Focus on the storage
We already finished with the SQL tuning part, where the resource gain was in the order of 100k USD (projected onto a 1 year operation) within a 2-3 weeks project.
There is another really good opportunity to increase our achievements in savings in the same order of magnitude: the data storage.
Why do we discuss it as performance optimization?
You will be convinced later.
Teradata DBs store huge amounts of data, sometimes Petabytes. The efficiency of storing and processing this incredible volume of data seriously affects the Data Warehouse costs. Fortunately Teradata includes marvelous features for optimizing this area either.
This post will show a project, gained 16% on storage space, in turn manual compression was already applied.
Beliefs regarding compression
There are a lot of fears regarding compression, coming from the old days.
“Compression is slow“, “Compression is unsafe“, “We use compression only for the archives“.
These beliefs have some basis, but it is time to re-assess them.
The biggest fear of the compression is speed. Why do we discuss a method regarding performance, which slows things down?
Because compression not only slows down.

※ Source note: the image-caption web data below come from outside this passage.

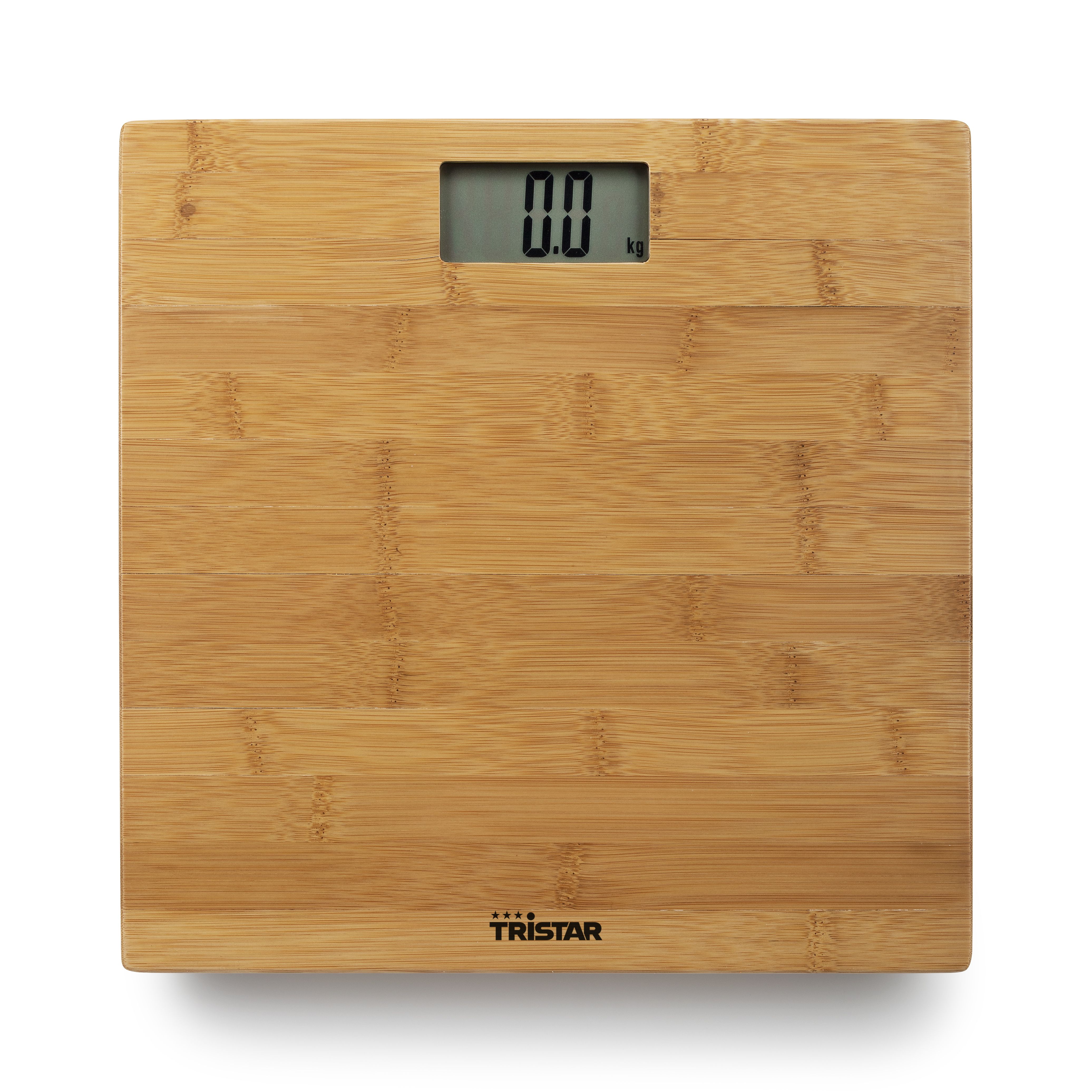 Tristar WG-2432 - Bamboo Electronic Personal Scale - 180 kg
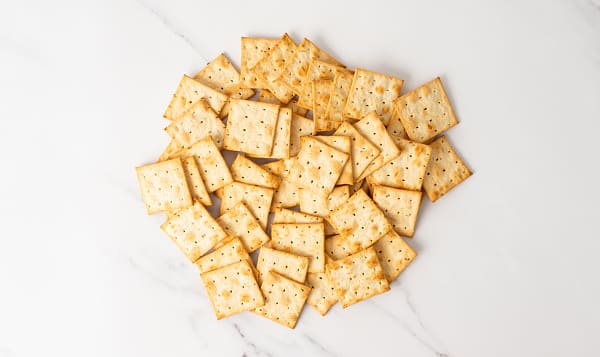 Asiago Crackers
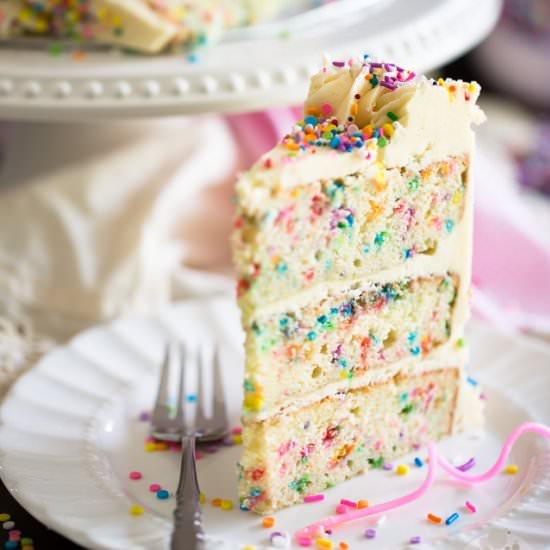 Funfetti Birthday Cake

Some things speed up, even though it is hard to belive. Anyway, a lot of new, effective compression algorithms and codecs has been developed so it is time to consider compression in the production stack
- Speed II
The speed of compression and decompression is not equal, the second typically less costly. The write and read access frequency significantly differ in a Data Warehouse environment – in favour or reads.
When we access the data the amount of I/O required, depends on the number data blocks the table allocates. If the data is compressed, we have to access far less data blocks with I/O operations. I/O is the most expensive resource in the Data Warehouse.
We do not have to compress everything. There are big and rarely used data elements, the compressed storage of them are very advisable.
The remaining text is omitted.